Впрочем, чтобы перестать быть экспрессивными, то есть, художественными, образами, изображениям достаточно отличаться низким художественным качеством, принадлежать к второстепенной, то есть стереотипной, продукции.
Семантические поля иконографии, или За пределами истории искусства
Но как все эти соображения связаны с иконографическими проблемами? Оказывается, крайне непосредственно. Ведь если для истории искусства эта второстепенная, не художественная продукция не представляет интереса, то для историка иконографии – совсем наоборот, так как иконография – это прежде всего «информативный аспект образа, адресованный интеллекту зрителя, и он един как для прозаических информативных образов, так и для образов, которые приближаются к поэзии, то есть для образов художественных»[410].
Так что иконографическое исследование выпадает из области истории искусства, особенно это касается данного периода, который отличается «практикой использования образов как средства передачи информации, например, для передачи религиозного содержания или различных форм благочестия»[411]. Иконография в это время представляет собой «важное и устойчивое средство проникновения знания о разнообразных фактах; и именно поэтому совершенно законно рассматривать подобную информативную иконографию, как если бы мы рассматривали некий язык, никак не соотнося данную активность с художественными опытами»[412].

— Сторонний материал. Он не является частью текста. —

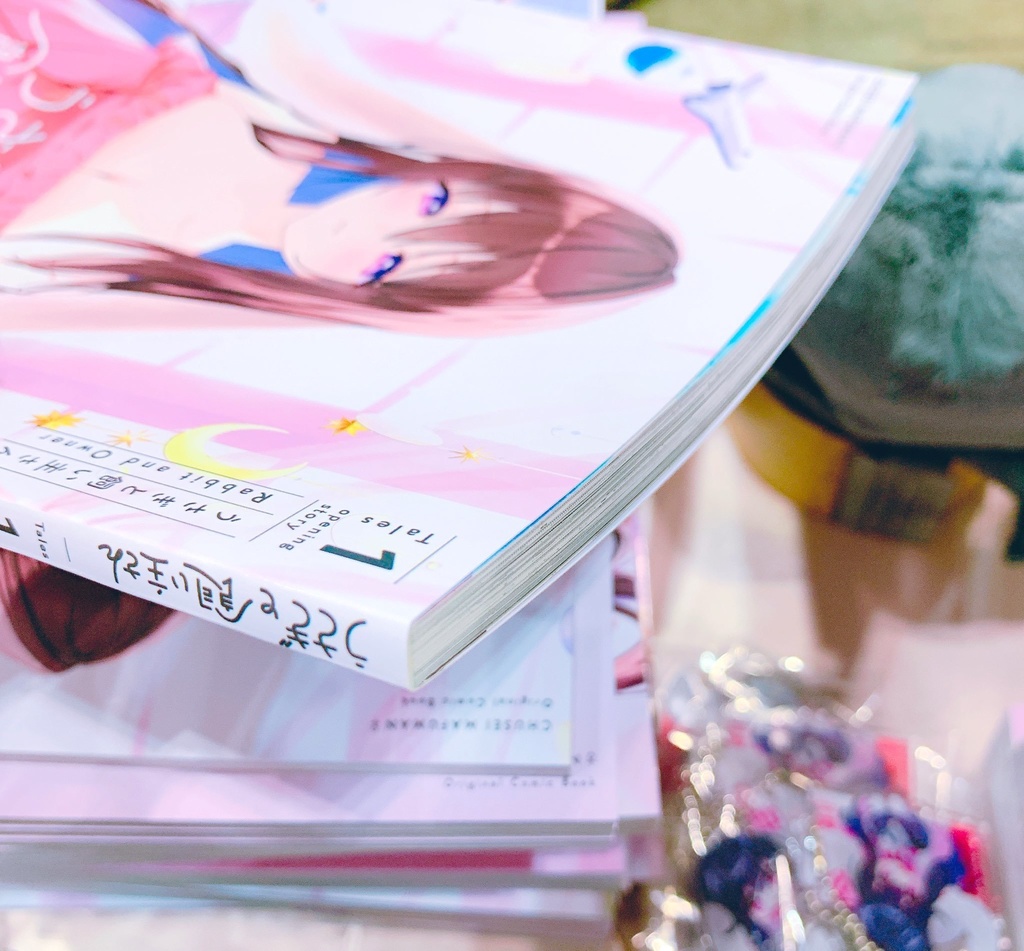 うさぎと飼い主さん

В подтверждение подобного весьма сильного высказывания Грабар просто указывает на безусловную идентичность того, что называется «христианской образностью», и того, что именуется «греко-латинским иконографическим языком» в том виде, в каком он практиковался в начале нашей эры повсюду в Средиземноморском регионе. Для доказательства того, что эти два выражения обозначают одно и то же, Грабар скрупулезно перечисляет «наиболее общие и наиболее повторяющиеся черты» христианской образности: воспроизведение человеческой фигуры, ее позы, физический тип, одежда, привычная жестикуляция и телодвижения, обычные аксессуары, а также архитектура и прочее убранство вокруг фигур. Ситуация с иконографией совершенно аналогична тому, как слова, выражения, синтаксические и метрические конструкции, взятые из латыни, арамейского, греческого языков, проникали в язык христианских богословов.

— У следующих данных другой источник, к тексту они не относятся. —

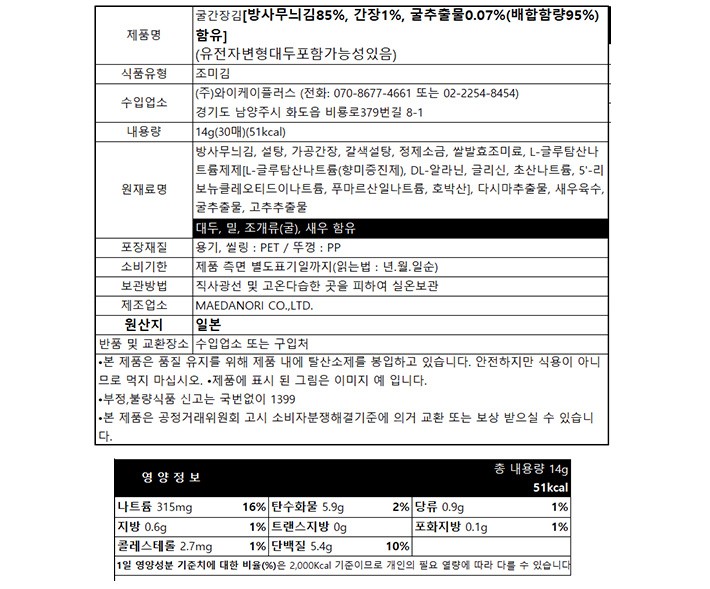 아사무라사키 굴 간장 맛김(30매)
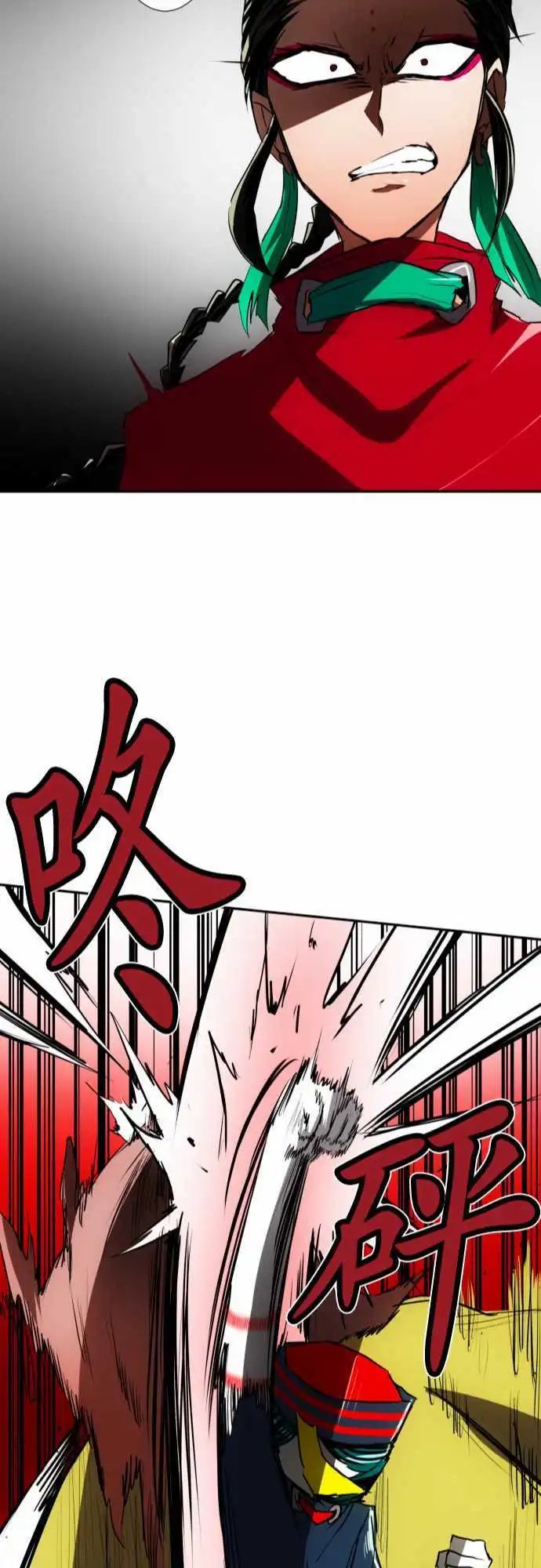 第84话 这下可惨了…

Более того, христианство проповедовалось и распространялось с помощью слова, и изготовители образов следовали по примеру богословов, выражая себя на том языке, который существовал вокруг них. Уже потому, что и богословы, и изготовители образов желали быть понятыми, они не должны были ничего выдумывать, в их вещах все было продиктовано предсуществующими моделями, новые идеи облекались в старые формы. И этими старыми формами-облачениями были традиционные иконографические образы.

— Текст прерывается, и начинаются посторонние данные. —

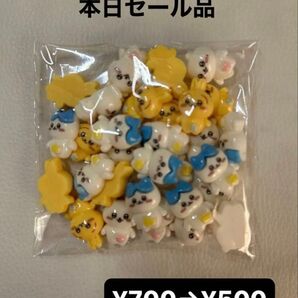 ちいかわ ミニ デコパーツ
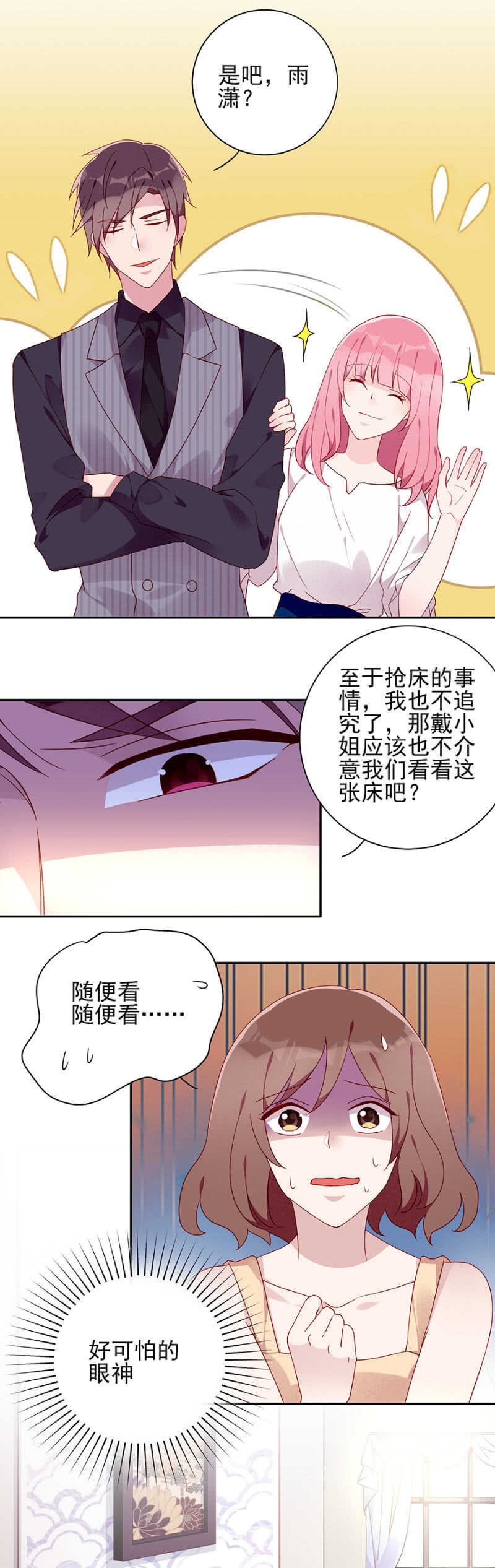 还手镯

Тем не менее, на фоне подобного «единого репертуара мотивов» (Грабар называет его вполне резонно койне) христианские скульпторы и живописцы могли вводить некоторые новые черты и детали с целью трансформации образа – типичного для этого периода – в образ собственно христианский, который можно узнать опять же только тематически, содержательно. Такой образ или пробуждал мысль христианского содержания, или напоминал о событиях, насыщенных христианским значением. Подобные христианские добавления были незначительными, незаметными, узнавались только подготовленным взглядом, будучи не столько прямыми отсылками, сколько косвенными аллюзиями. Но именно эти детали были в буквальном смысле слова показательными: именно они придавали ценность образу, представляя собой основание для восприятия и усвоения произведения[413].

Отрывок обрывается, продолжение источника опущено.